Alparslan Kuytul Hocaefendi’nin son üç yıl içerisinde yapmış olduğu konuşmalarında geçen bazı hususlar hakkında açılan soruşturma, Adana İl Emniyet Müdürlüğü Güvenlik Şube Birimi tarafından 03.01.2018 tarihinde avukatı aracılığıyla şahsına iletilmiş ve konu ile ilgili olarak ifadeye çağrılmıştı. Bugün ifade vermek için Adana Adalet Sarayı Cumhuriyet Başsavcılığına giden Alparslan Kuytul Hocaefendi geçtiğimiz günlerde de “29 Mayıs 2016’da İskenderun’da ‘otobanı kapatma’ iddiasıyla” ifade vermişti.
Alparslan Kuytul Hocaefendi’nin Adana İl Emniyet Müdürlüğü Güvenlik Şube Birimi tarafından 03.01.2018 tarihinde avukatı aracılığıyla şahsına iletilen ve ifade vermesi istenilen iddialara cevabında (özetle) şunları söyledi:
Yaklaşık 35 yıldır İslami davet çalışmaları yapan birisi olarak, bu süre zarfında yüzlerce konferans, binlerce sohbet yaptım. Sosyal medya üzerinden de yüzbinlerce insanın beni takip ettiği, görüşlerimi ve yaptığım siyasi tahlilleri benimsediği ilgili herkesçe bilinmektedir. Tüm konuşmalarımda amacım sadece fikirlerimi paylaşmaktır. Bunu, dinimin emri, bulunduğum pozisyonun gereği ve bu ülkenin bir vatandaşı olarak kendime vazife görüyorum.

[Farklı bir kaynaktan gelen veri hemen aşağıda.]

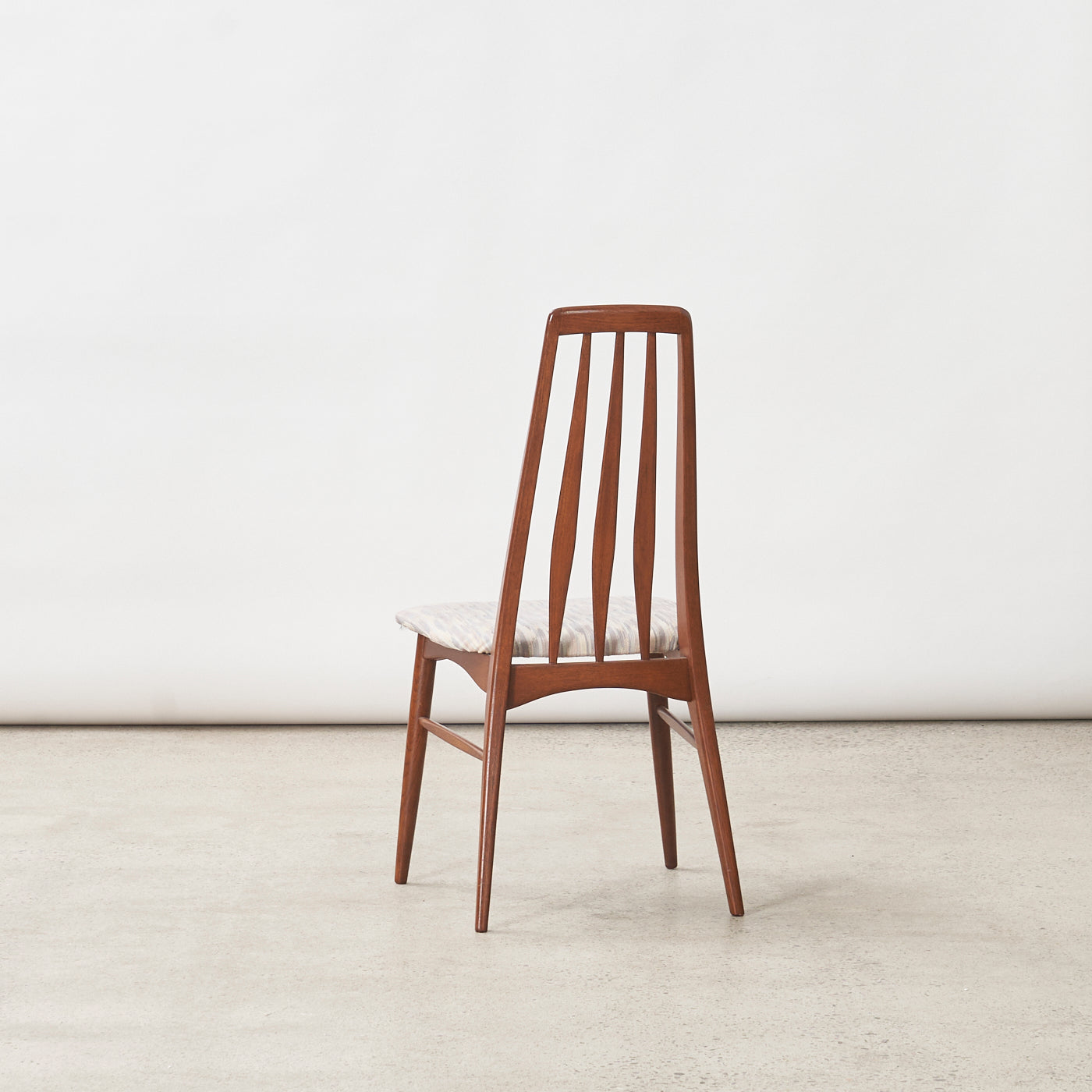 Set of 6 Teak 'Eva' Dining Chairs by Niels Koefoed, Denmark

Fikirlerimi paylaşırken hiçbir surette halkı kin ve düşmanlığa tahrik etmedim, hiçbir kişi ve kurumu aşağılamak maksadı ile konuşmadım. Beni dinleyen kimseleri de bu yola yöneltmedim. Şayet ben halkı kin ve düşmanlığa tahrik eden, kişi ve kurumları aşağılayan bir kimse olsaydım bugüne kadar beni seven ve takip eden insanların sebep olduğu birçok olumsuz olay yaşanması gerekmez miydi? Beni seven ve takip eden kimseler tarafından böyle bir şey asla olmadığı gibi suç teşkil edebilecek en küçük bir hadiseye de hayatımda adım karışmamıştır. Bu hususta kurucusu olduğum Furkan Vakfı’nın ve şahsımın geçmişi de bugünü de tertemizdir.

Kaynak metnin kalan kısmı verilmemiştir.